#### Task details
Please copy the lines below, exactly as they are, from the one with "中古美品　松本民芸家具　直線" through the one with "925 Silver Butterfly Stud Earring", and leave out the pictures.

#### Records
★ ★ ★

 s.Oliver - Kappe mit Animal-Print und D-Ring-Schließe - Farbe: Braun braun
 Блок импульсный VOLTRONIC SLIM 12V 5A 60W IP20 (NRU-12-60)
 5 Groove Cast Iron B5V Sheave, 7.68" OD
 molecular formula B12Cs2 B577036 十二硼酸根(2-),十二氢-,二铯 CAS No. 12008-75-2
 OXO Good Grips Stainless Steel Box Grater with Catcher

★ ★ ★

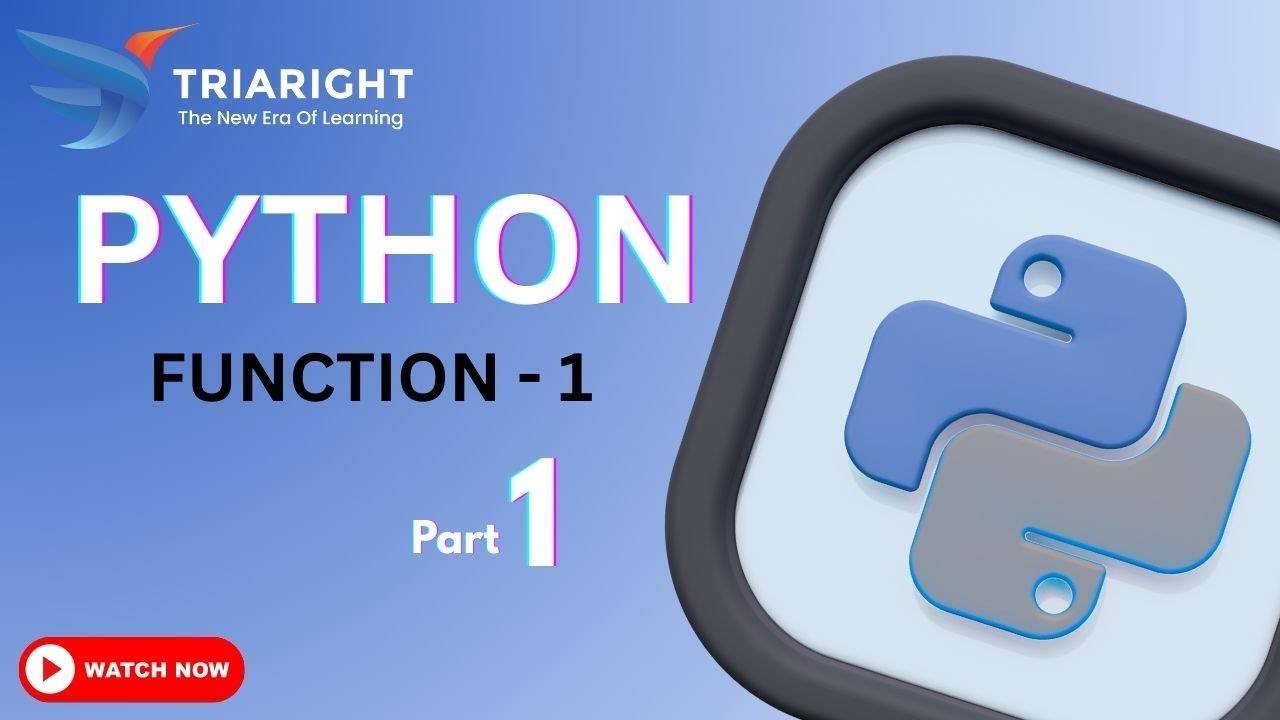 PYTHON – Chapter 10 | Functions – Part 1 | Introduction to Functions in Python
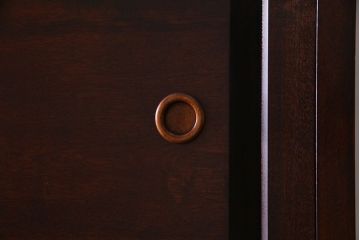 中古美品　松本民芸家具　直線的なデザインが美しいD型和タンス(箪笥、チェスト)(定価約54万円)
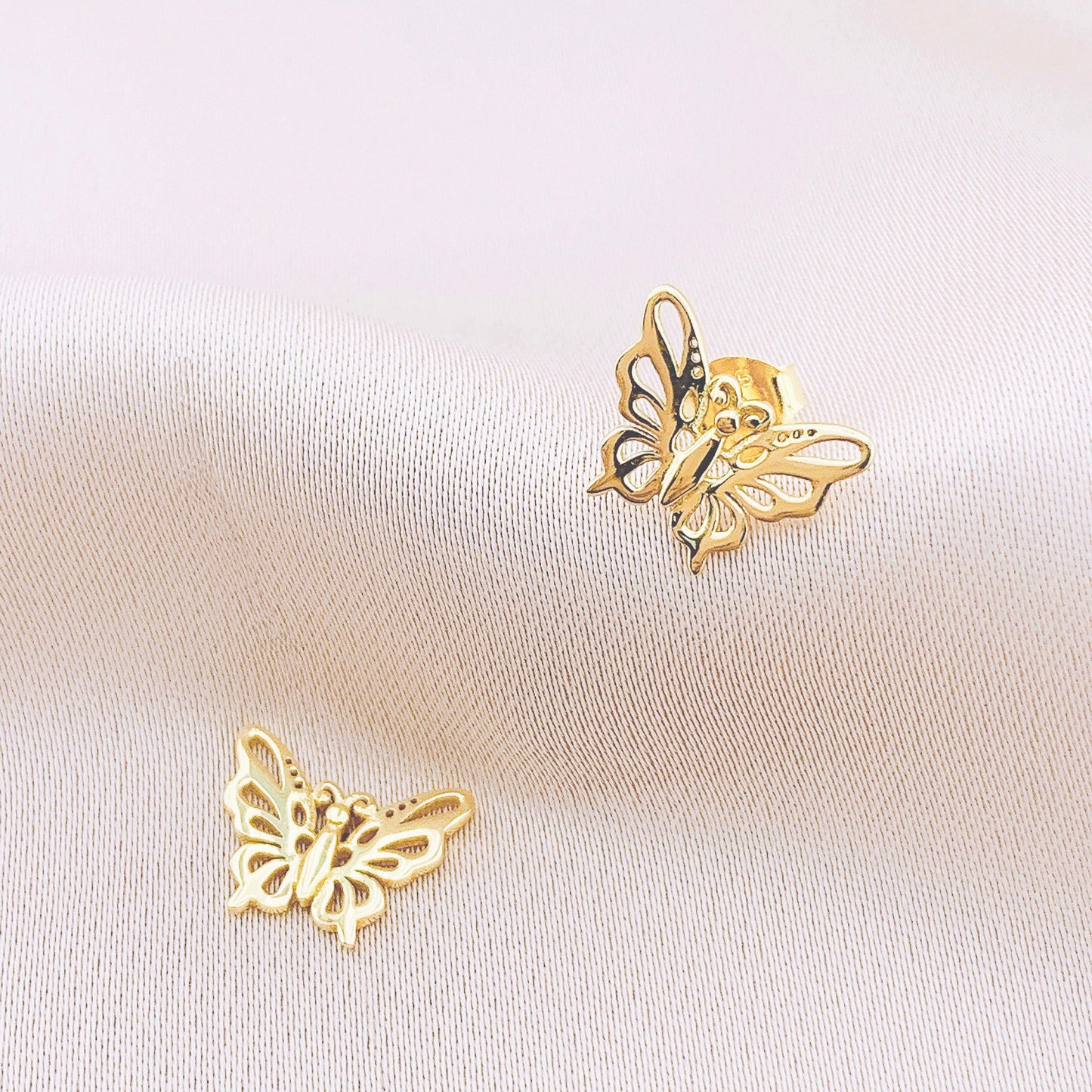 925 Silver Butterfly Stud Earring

★ ★ ★

#### Solution to this task
 中古美品　松本民芸家具　直線的なデザインが美しいD型和タンス(箪笥、チェスト)(定価約54万円)
 925 Silver Butterfly Stud Earring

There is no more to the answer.